(Records for this exercise Opens)
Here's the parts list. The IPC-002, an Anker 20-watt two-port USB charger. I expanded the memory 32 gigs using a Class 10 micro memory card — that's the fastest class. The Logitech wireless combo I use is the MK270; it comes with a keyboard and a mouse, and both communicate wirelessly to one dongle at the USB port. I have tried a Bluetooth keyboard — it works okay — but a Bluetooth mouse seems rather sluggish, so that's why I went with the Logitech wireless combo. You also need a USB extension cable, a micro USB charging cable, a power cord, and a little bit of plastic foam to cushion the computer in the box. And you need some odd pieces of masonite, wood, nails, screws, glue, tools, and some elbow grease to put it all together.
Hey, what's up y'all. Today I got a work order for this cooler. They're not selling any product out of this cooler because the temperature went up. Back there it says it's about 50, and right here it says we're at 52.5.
(Records for this exercise Closes)
(Records for this exercise Opens)
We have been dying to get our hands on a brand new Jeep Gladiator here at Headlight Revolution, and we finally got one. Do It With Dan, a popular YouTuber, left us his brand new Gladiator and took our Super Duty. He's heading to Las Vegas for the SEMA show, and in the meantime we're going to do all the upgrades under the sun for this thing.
(Records for this exercise Closes)
(Records for this exercise Opens)
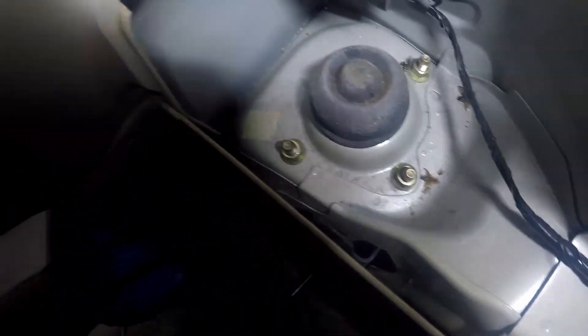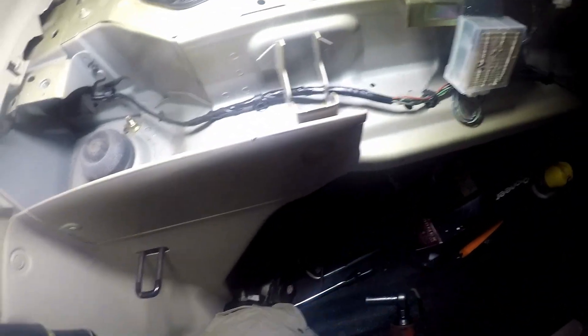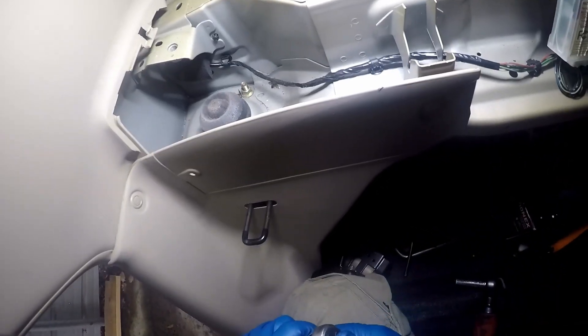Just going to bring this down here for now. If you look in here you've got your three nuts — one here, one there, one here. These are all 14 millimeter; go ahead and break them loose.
(Records for this exercise Closes)
What is needed | An exact copy of the lines above, from the one containing "Here's the parts" through the one containing "Hey, what's up", is the whole of the answer.

Reply to the exercise |
Here's the parts list. The IPC-002, an Anker 20-watt two-port USB charger. I expanded the memory 32 gigs using a Class 10 micro memory card — that's the fastest class. The Logitech wireless combo I use is the MK270; it comes with a keyboard and a mouse, and both communicate wirelessly to one dongle at the USB port. I have tried a Bluetooth keyboard — it works okay — but a Bluetooth mouse seems rather sluggish, so that's why I went with the Logitech wireless combo. You also need a USB extension cable, a micro USB charging cable, a power cord, and a little bit of plastic foam to cushion the computer in the box. And you need some odd pieces of masonite, wood, nails, screws, glue, tools, and some elbow grease to put it all together.
Hey, what's up y'all. Today I got a work order for this cooler. They're not selling any product out of this cooler because the temperature went up. Back there it says it's about 50, and right here it says we're at 52.5.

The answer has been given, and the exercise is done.